The line that contains "Un incendio en" marks the start. Please set it down, with every later line of the data, exactly and without pictures.

EXERCISE INPUT »
■ ■ ■

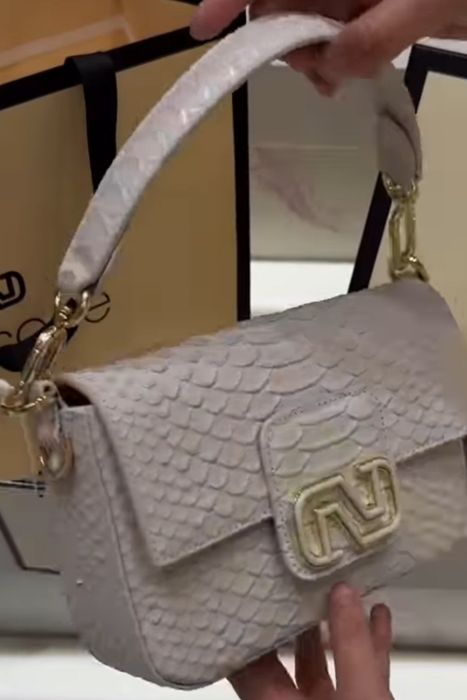 Сумка Nursace натуральная питон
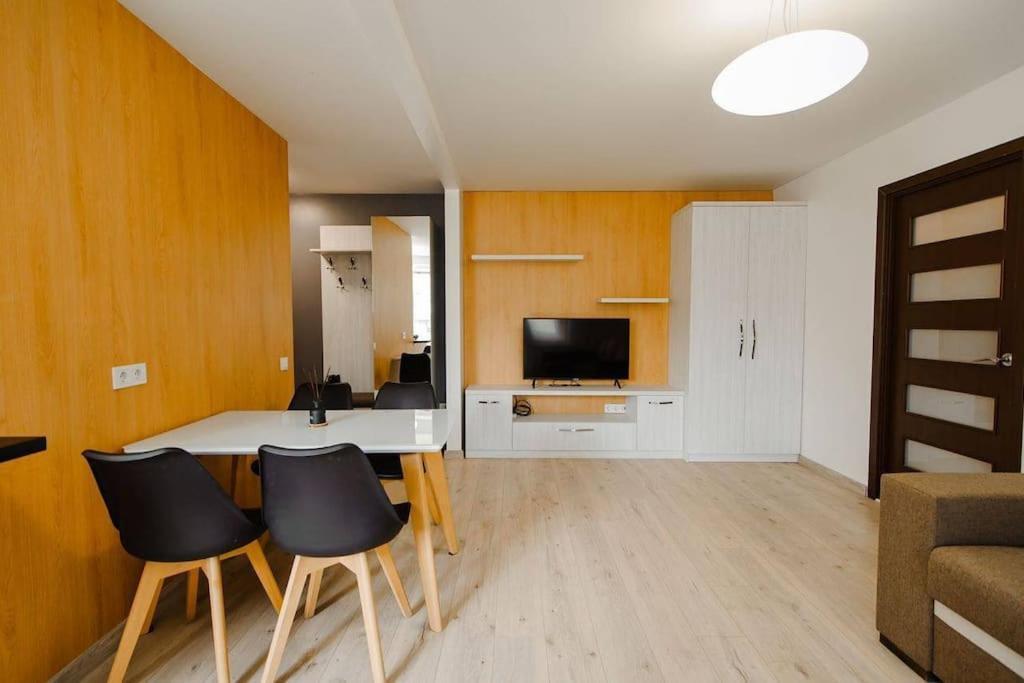 Very Stylish Apartament In Middle Of City. Кишинёв Экстерьер фото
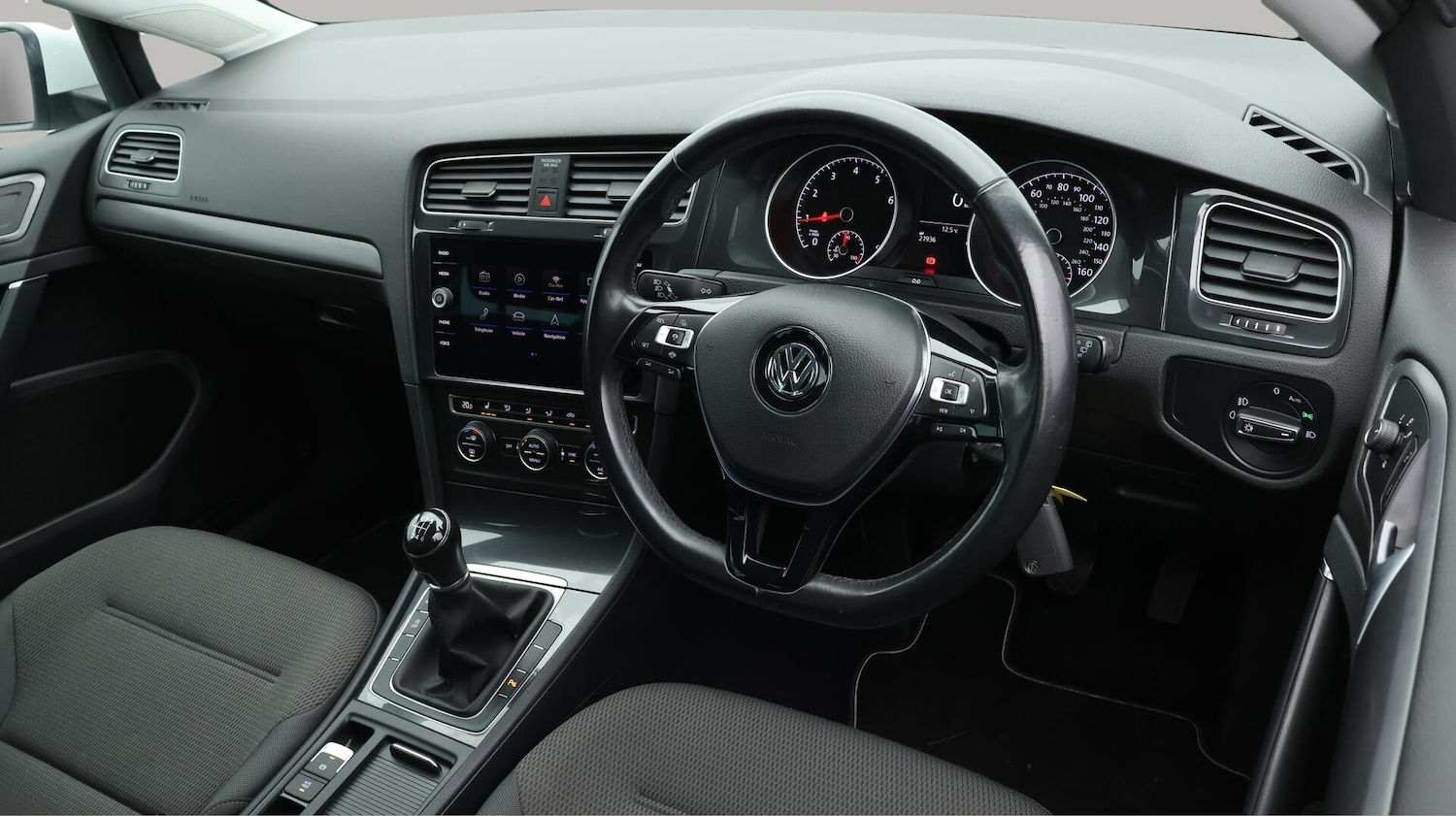 Used Volkswagen Golf 2020 for sale - 76360932: Photo 10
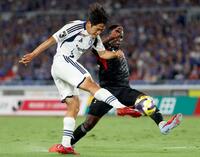 　後半、競り合いながらもシュートを放つ町田・羅相浩（左）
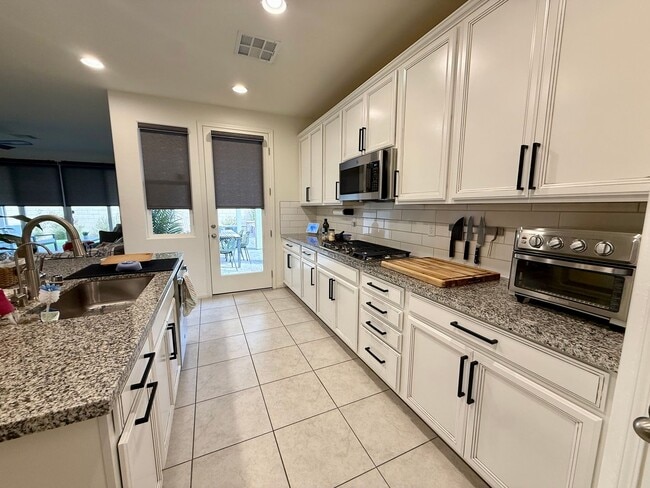 Building Photo - COMING SOON! Single-Story Gem in Gated Community with Stunning Backyard w/ Firepit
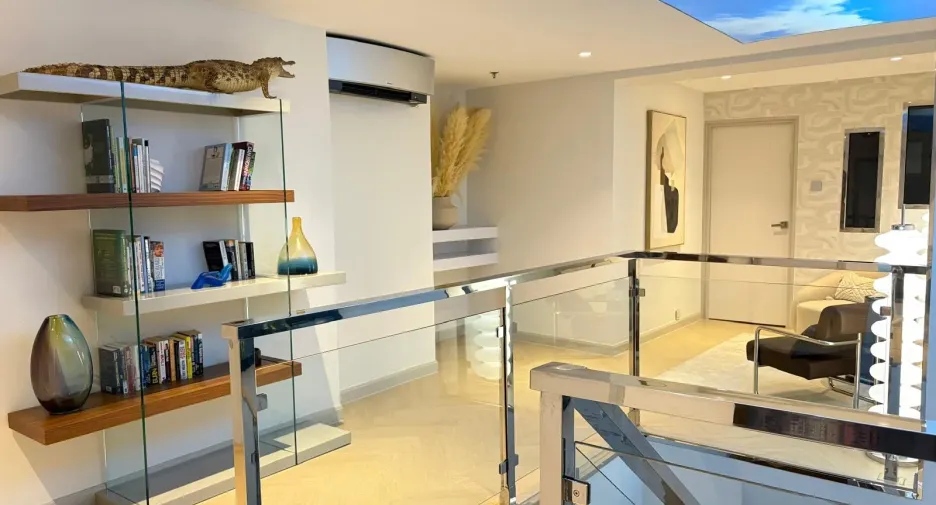 For rent 4 bedrooms condo in Sathon, Bangkok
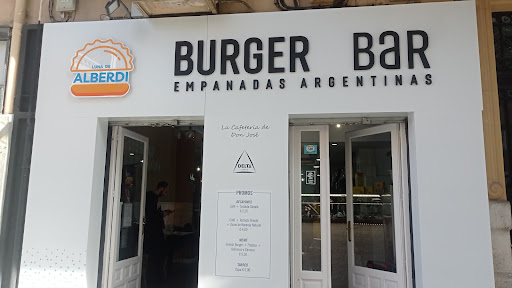 Luna De Alberdi Burger Bar: Sabor inigualable en el corazón de Alicante 1 AF1QipMr4K3 8DV9oK8kELt9sN 7rQ18dcfYUVTApkK0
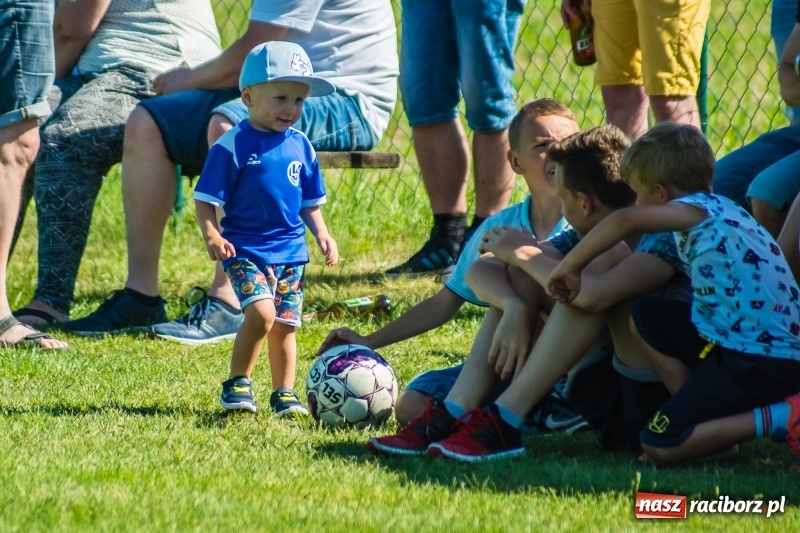 Zdjęcie w galerii na portalu naszraciborz.pl: Markowice pokonały Koziołki i tracą tylko jeden punkt do lidera wiadomości z regionu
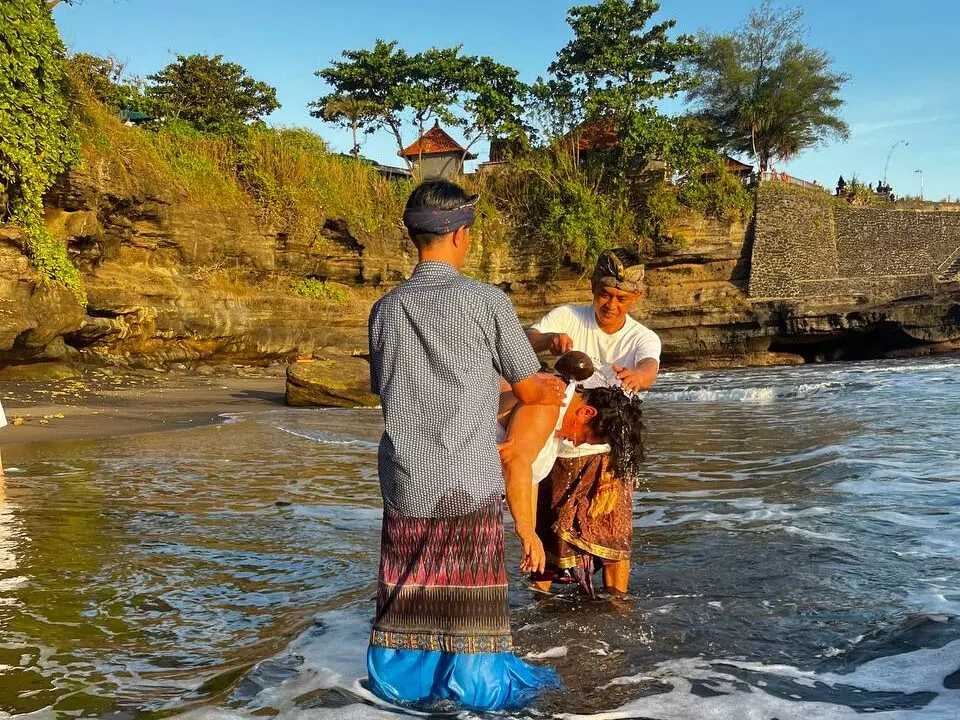 Bali - Tanah Lot rituel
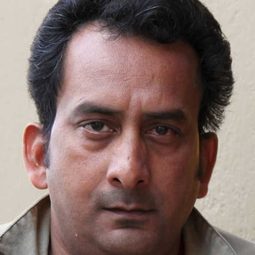 Hemant Pandey 飾演 Ashokchand's Friend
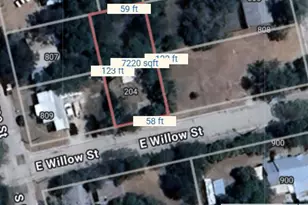 204 E Willow St, Burnet, TX 78611 - Photo 2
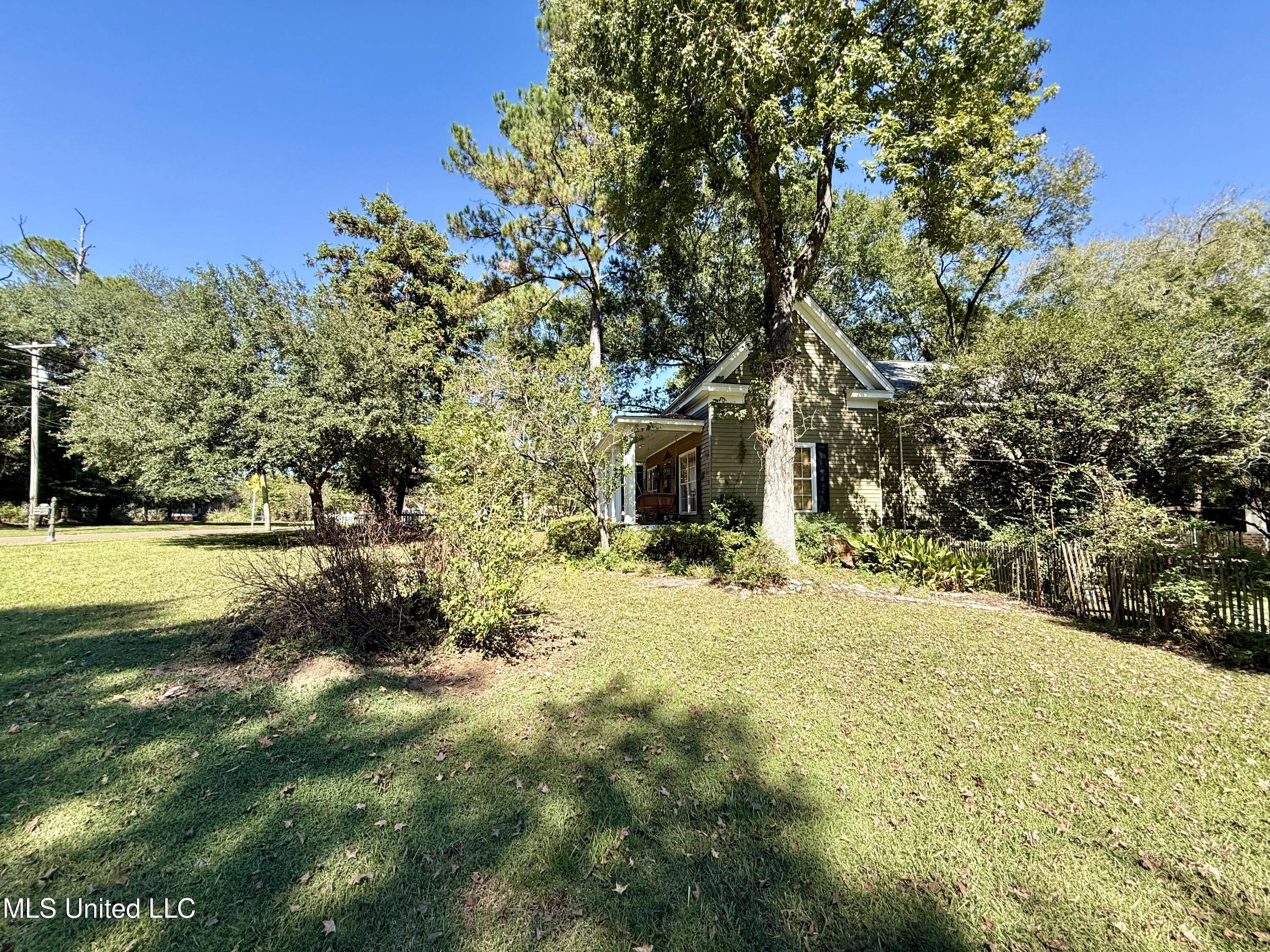 309 South Jackson Street Crystal Springs, MS 39059 - Photo 34 of 45 IMG_5905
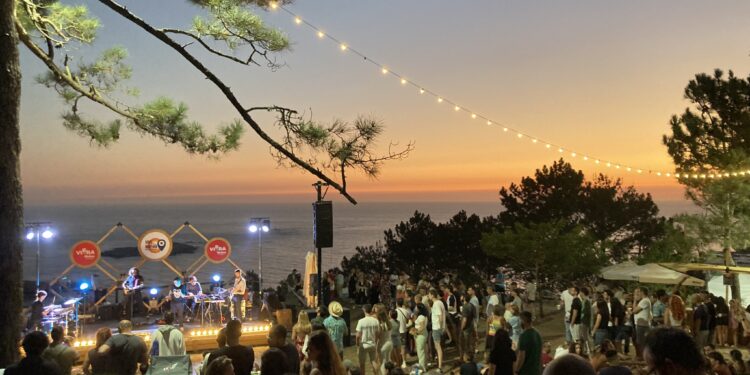 Un incendio en Monteferro obliga a desalojar el festival Vive Nigrán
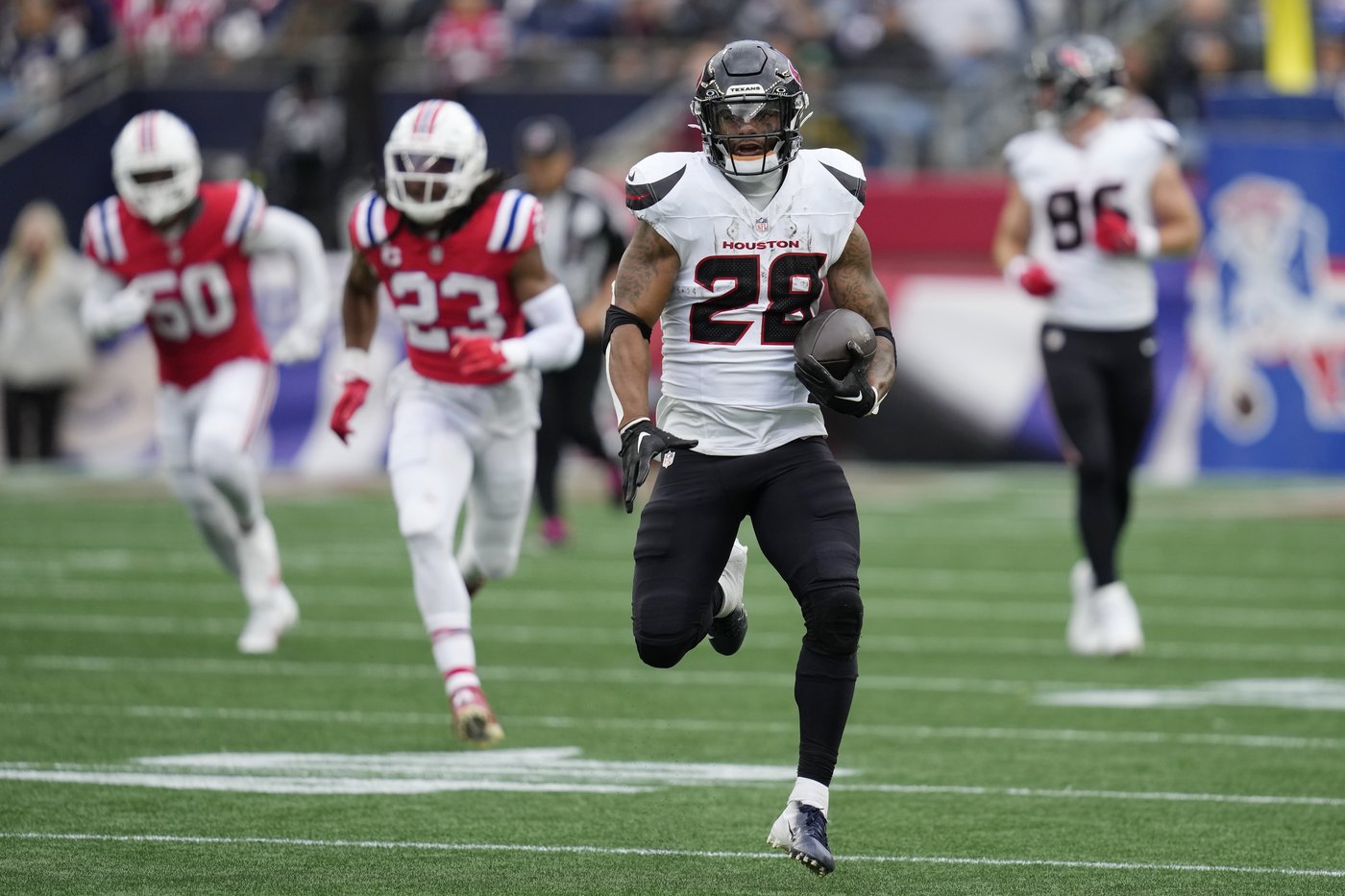 Return of Mixon, Pierce keeps Houston's offense rolling without Collins in big win over Pats | iNFOnews.ca Return of Mixon, Pierce keeps Houston's offense rolling without Collins in big win over Pats | iNFOnews.ca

■ ■ ■

OUTPUT »
 Un incendio en Monteferro obliga a desalojar el festival Vive Nigrán
 Return of Mixon, Pierce keeps Houston's offense rolling without Collins in big win over Pats | iNFOnews.ca Return of Mixon, Pierce keeps Houston's offense rolling without Collins in big win over Pats | iNFOnews.ca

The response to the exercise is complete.